Short descriptive text snippets:
- - - - - - -

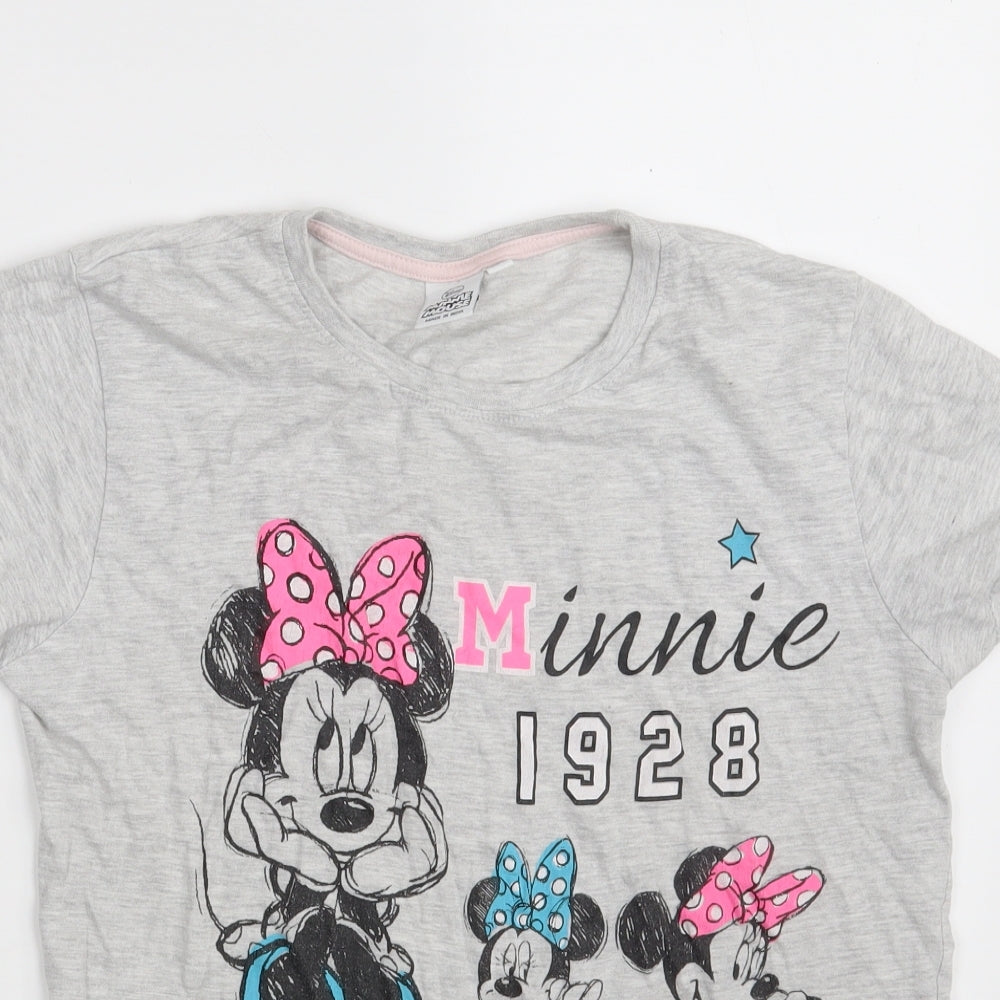 Primark Girls Grey  Cotton Basic T-Shirt Size 11-12 Years Round Neck  - Minnie Mouse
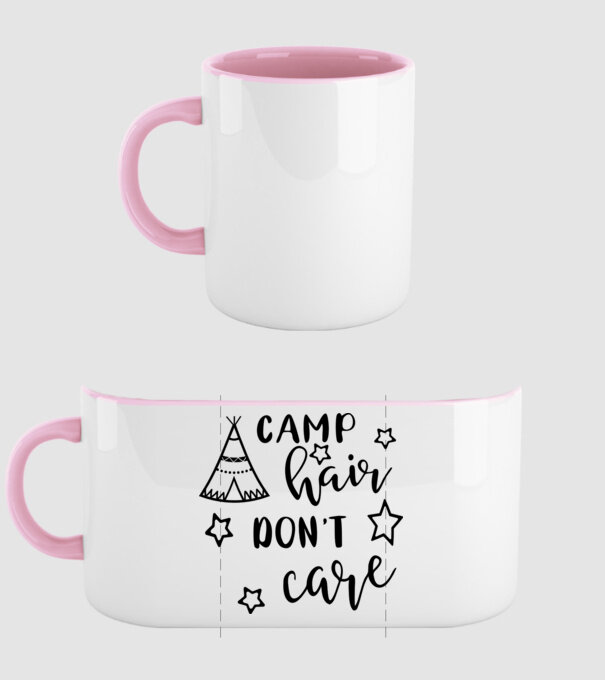 Camp hair teepee model roz deschis pe tricou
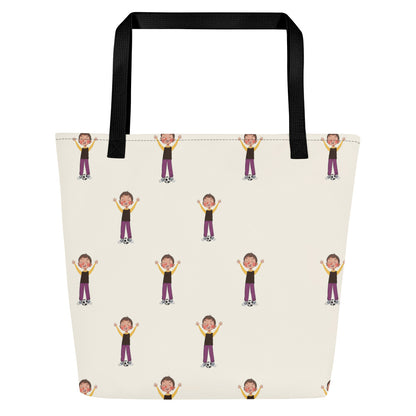 Gazi Character All-Over Print Large Tote Bag with Pocket, Roots & Talks - product photo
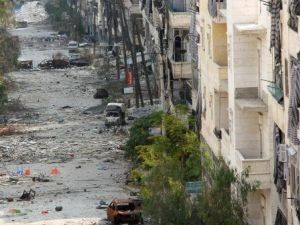 شارع صلاح الدين في حلب شمال سوريا
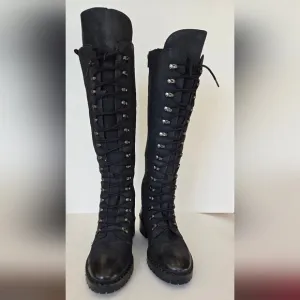 Vintage Foundry Co Henrietta Black Lace Up Knee High Boots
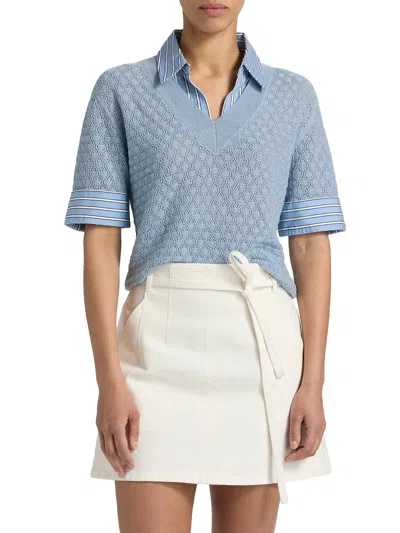Tanya Taylor Esme Pointelle Knit Layered Look Top In Blue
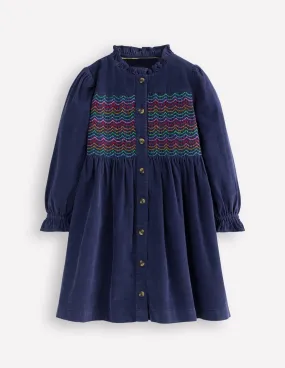 Suki Long Sleeve Smocked Dress-College Navy Elegant Mood
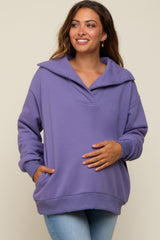 Purple Collared Maternity Pullover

- - - - - - -

A verbatim copy of the data, pictures removed, is the expected result.

EXERCISE ANSWER:
 Primark Girls Grey  Cotton Basic T-Shirt Size 11-12 Years Round Neck  - Minnie Mouse
 Camp hair teepee model roz deschis pe tricou
 Gazi Character All-Over Print Large Tote Bag with Pocket, Roots & Talks - product photo
 شارع صلاح الدين في حلب شمال سوريا
 Vintage Foundry Co Henrietta Black Lace Up Knee High Boots
Tanya Taylor Esme Pointelle Knit Layered Look Top In Blue
 Suki Long Sleeve Smocked Dress-College Navy Elegant Mood
 Purple Collared Maternity Pullover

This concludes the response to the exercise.